### Data to process ###

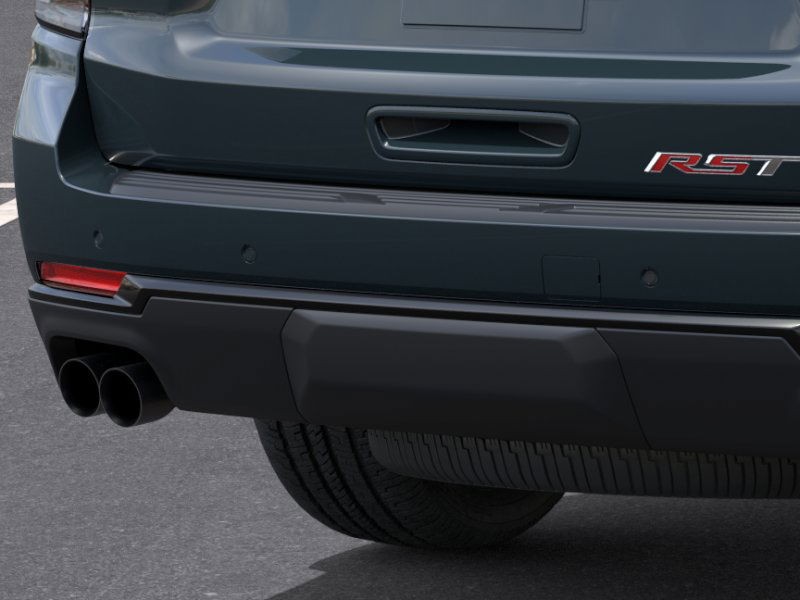 Chevrolet Suburban Vehicle Full-screen Gallery Image 14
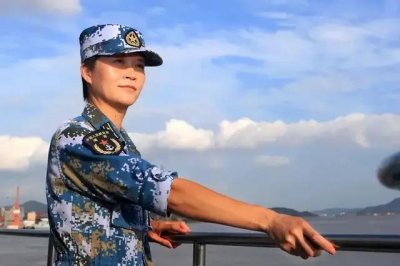 ​女博士韦慧晓，曾经拒绝百万年薪，38岁成为首位海军舰长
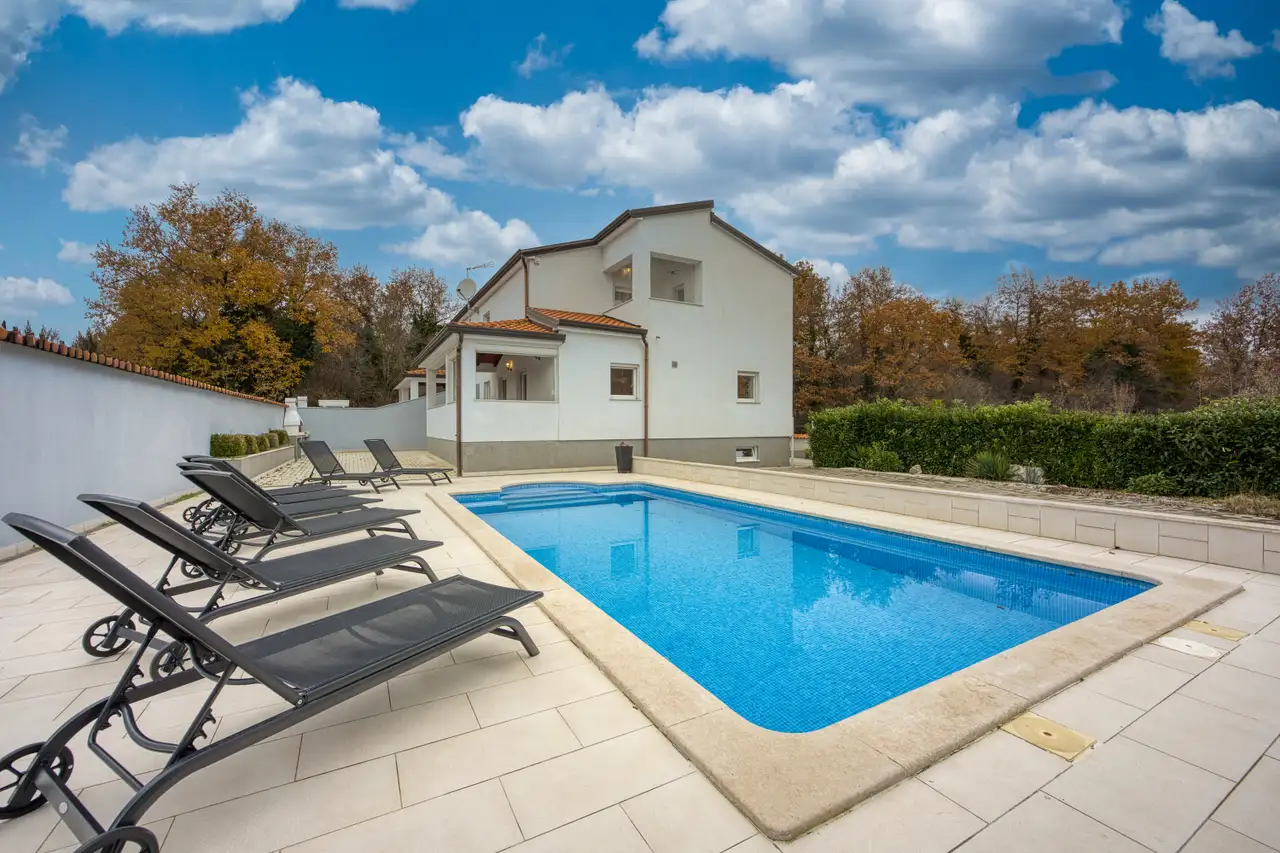 Poreč, Vežnaveri – Maison avec deux appartements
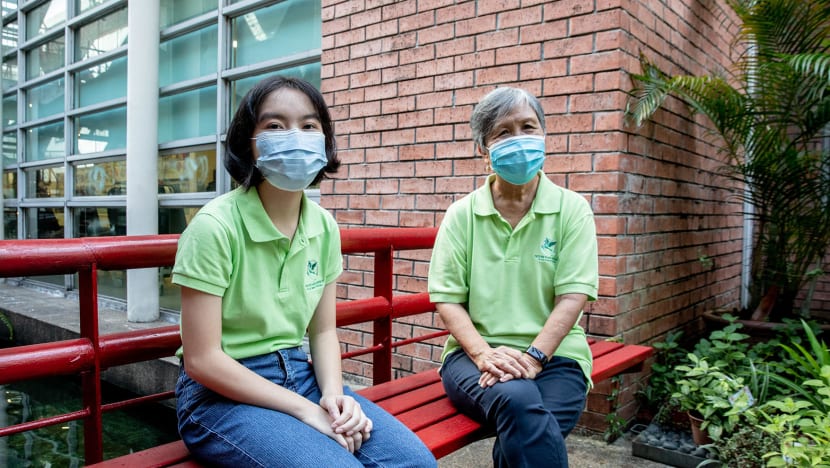 Caring for the dying: Why some hospice volunteers would like in-person interactions to resume soon Caring for the dying: Why some hospice volunteers would like in-person interactions to resume soon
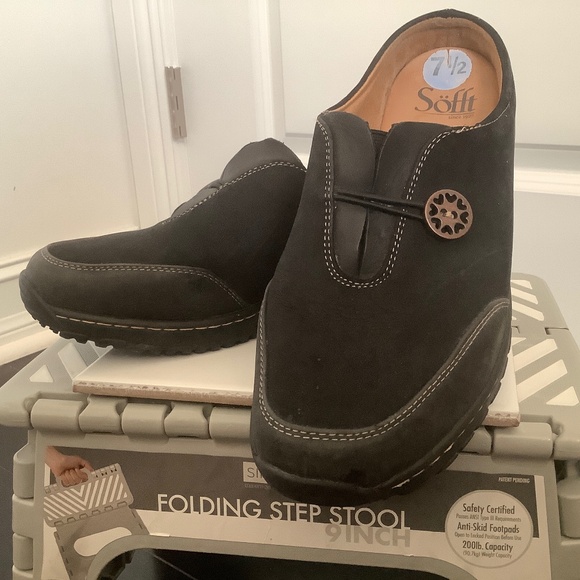 Sofft Walking Slip-on Sneakers, Size 7.5 - Picture 8 of 9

###

Please copy the preceding records exactly and omit the images.

 Chevrolet Suburban Vehicle Full-screen Gallery Image 14
 ​女博士韦慧晓，曾经拒绝百万年薪，38岁成为首位海军舰长
 Poreč, Vežnaveri – Maison avec deux appartements
 Caring for the dying: Why some hospice volunteers would like in-person interactions to resume soon Caring for the dying: Why some hospice volunteers would like in-person interactions to resume soon
 Sofft Walking Slip-on Sneakers, Size 7.5 - Picture 8 of 9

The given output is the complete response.